We live in a time of unprecedented wealth and opulence, concentrated in very few hands, a plutocratic age. It is also a time of acute capitalist crisis, in which clear signs of systemic irrationality abound. The clearest of these is imminent ecological catastrophe, and the unsustainability of a global political economy that mandates infinite growth but is based on the exploitation of scarce natural resources. Moreover, around the globe, abject misery persists among multitudes, while perpetual war for the sake of perpetual peace surrounds us. Endemic and polarising violence and destruction are careening out of control in the context of the Orwellian ‘War on Terror’, while civil liberties are slashed, to the detriment of all. Nevertheless, capitalist social-property relations go virtually uncontested, albeit not without exception, but to a degree certainly unthinkable before the end of the Cold War. Our political imagination has been impoverished by the crimes of Stalin and by decades of neoliberal assault. The mantra ‘There is no alternative’ (Thatcher, 2013) is broadcast ad infinitum, consubstantiated into common sense. Subliminal mind games we are up against, the white magic of Walt Disney and the New Reagan Man.

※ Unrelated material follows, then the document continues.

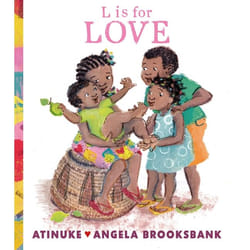 ISBN L is for Love livre Couverture rigide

We have lost our faith in a viable and desirable alternative to the existing social order. And make no mistake, resistance requires faith – faith that resistance is not futile; faith that resistance will not make things even worse. Our conviction in the emancipatory outcome of – especially anti-capitalist – political struggle has been shaken to its foundations. It's not just that faith in the inevitable victory of socialism over barbarism has vanished, it's much worse than that. The very distinction between the two has been thrown into question by the millions who perished in the gulags, not to mention the axe in Trotsky's skull.

In turn, the crisis and collapse of the Soviet Union – and with it, the death of the state communist ideal – has triggered a crisis of social democracy as well. The model of ‘social democracy’ – a model even embedded in the constitutions of many European states – gives way nearly everywhere to the logic of austerity and the mandate of neoliberal reform (Streeck, 2014).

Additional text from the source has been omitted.